Bras de fer avec l'Opep
Le problème avec les réserves stratégiques est qu'elles "sont utilisées une fois puis il faut bien les remplir à nouveau", rappelle Olivier Appert. Autrement dit : dès que les États-Unis racheteront du pétrole pour reconstituer leurs stocks d'urgence – et Joe Biden a déjà annoncé qu'il le ferait –, la chevauchée sauvage des prix pourra repartir de plus belle.
Le président américain est d'ailleurs conscient des limites de son arme énergétique. "C'est un pont d'urgence que nous mettons en place en attendant que les capacités de production de pétrole augmentent", a précisé Joe Biden.

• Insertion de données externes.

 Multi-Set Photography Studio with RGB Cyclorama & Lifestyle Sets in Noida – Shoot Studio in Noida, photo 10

Mais qui s'en chargera ? L'Opep en aurait les moyens. "[Washington] a fait des démarches pour demander aux membres de cette organisation de produire davantage de pétrole, mais les États-Unis ont reçu une fin de non-recevoir", rappelle Olivier Appert. Le jour même où Joe Biden annonçait son intention de puiser dans les réserves stratégiques, les pays de l'Opep faisaient savoir qu'ils s'étaient mis d'accord pour une hausse a minima de la production d'or noir.
Ce recours aux réserves stratégiques est aussi une manière pour Joe Biden d'engager un bras de fer avec les pays de l'Opep. Le président américain "reconnaît ainsi que l'Arabie saoudite et les Émirats arabes unis – deux alliés traditionnels de Washington et membres influents de l'Opep – ne veulent pas l'aider à combattre la hausse des prix", souligne le Financial Times. Il a donc décidé d'agir de manière unilatérale.

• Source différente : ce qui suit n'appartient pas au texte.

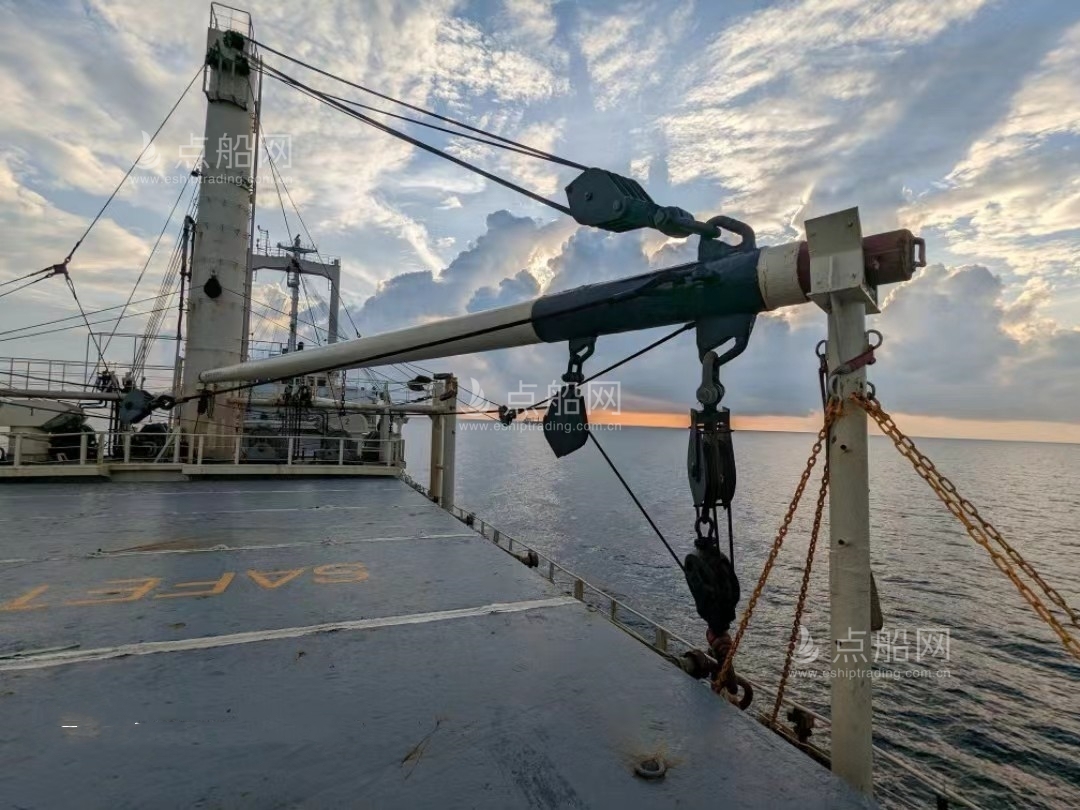 出售9400吨杂货船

À défaut de soutien de l'Opep, Joe Biden a aussi appelé les producteurs américains de pétrole de schiste à produire plus. "Il y a trop d'entreprises [aux États-Unis] qui n'en font pas assez, et préfère engranger les profits des tarifs élevés de l'essence sans investir dans la production", a-t-il regretté. La Maison Blanche a même menacé les producteurs qui n'en feraient pas plus de sanctions financières… Mais "pour l'instant, il s'est heurté à un refus", note le Wall Street Journal.
Pour Joe Biden, ce recours massif aux réserves stratégiques est un pari très risqué. Une fois les 180 millions de barils de brut mis sur le marché, il ne restera plus qu'environ 350 millions de barils de pétrole dans ces réserves d'urgence… C'est très peu, car les pays membres de l'AIE sont obligés d'avoir toujours au moins l'équivalent de quatre-vingt-dix jours de consommation de pétrole en réserve, ce qui correspond à 315 millions de barils pour les États-Unis. "Il n'y aura presque plus rien pour faire face à une autre situation d'urgence", note le Washington Post.
Mais le président américain n'a guère le choix. Si l'Opep ne veut pas l'aider, si les producteurs nationaux de pétrole semblent faire la sourde oreille, Joe Biden doit agir pour essayer de faire baisser les prix avant novembre prochain… Et les élections de mi-mandat.